The outlook for machine tool consumption is another positive for Hardinge. Global machine tool consumption is expected to increase by about 35% over the next four years. This should be driven by China's developing economy.
The company will continue to keep its eyes open for other small acquisitions. Companies that can add tangible value to Hardinge's business in the form of increased revenue and earnings will be sought after. Acquisitions are an important tool for strategically expanding the business and gaining market share.
Product development is another strategy that Hardinge focuses on to improve its business. By making improvements in its machining solutions, Hardinge can offer customers the solutions that they need for increasingly complex applications. The company featured seven of its improved machines at the China International Machine Tool Show earlier this year. The focus on innovation and continuous product improvement will keep the company on the cutting edge of the industry. This should lead to increased sales as Hardinge provides for its customers' complex needs.
The largest risk for Hardinge is its highly cyclical nature which puts the company at risk for economic downturns. The company's machines represent a significant capital expense for its customers. These customers need to have confidence in their cash flows and future business to make a long-term investment in these products. The stock fell from the high teens to the low single digits during the 2008 financial crisis, so investors need to be aware that Hardinge is highly economically sensitive.
Another risk is the threat of competition in the industry. Hardinge competes with other companies in the U.S., Europe, and Asia. Some of these companies are subsidized by governments or financial institutions. Increased competition could force Hardinge to lower prices or offer additional features on the products, which could eat into its earnings.
Expected Future Growth
Granted, China has slowed its pace of growth and Europe is still plagued with economic issues. However, China should still experience significantly higher growth going forward as compared to mature nations. Europe is a mess, but it should heal over time. The United States is growing slowly, but making steady increases. Ultimately, I think that the global economy will improve and provide Hardinge with the revenue and earnings growth that it needs to meet or exceed its estimates.
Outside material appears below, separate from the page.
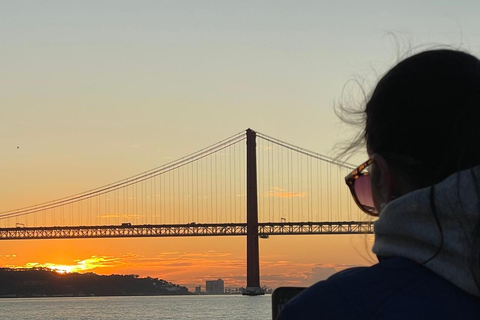 Lisboa:Sunset Sailing Tour at Tagus River with welcome drink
The company is expected to grow earnings annually at an aggressive 30% pace for the next five years. This pace is three times higher than the expected growth of the S&P 500. Hardinge achieved 44% annual growth over the past five years. If the stock kept pace with its 30% future expected earnings growth rate, the stock could rise to over $60 in five years. However, it is likely that the stock will not climb at that pace with the European economic woes on investors' minds. With these conditions, it is possible that the stock could grow at a 20% pace and remain undervalued. Whatever becomes of the actual stock grow rate, Hardinge should continue to outpace the performance of the S&P 500 over the next five years.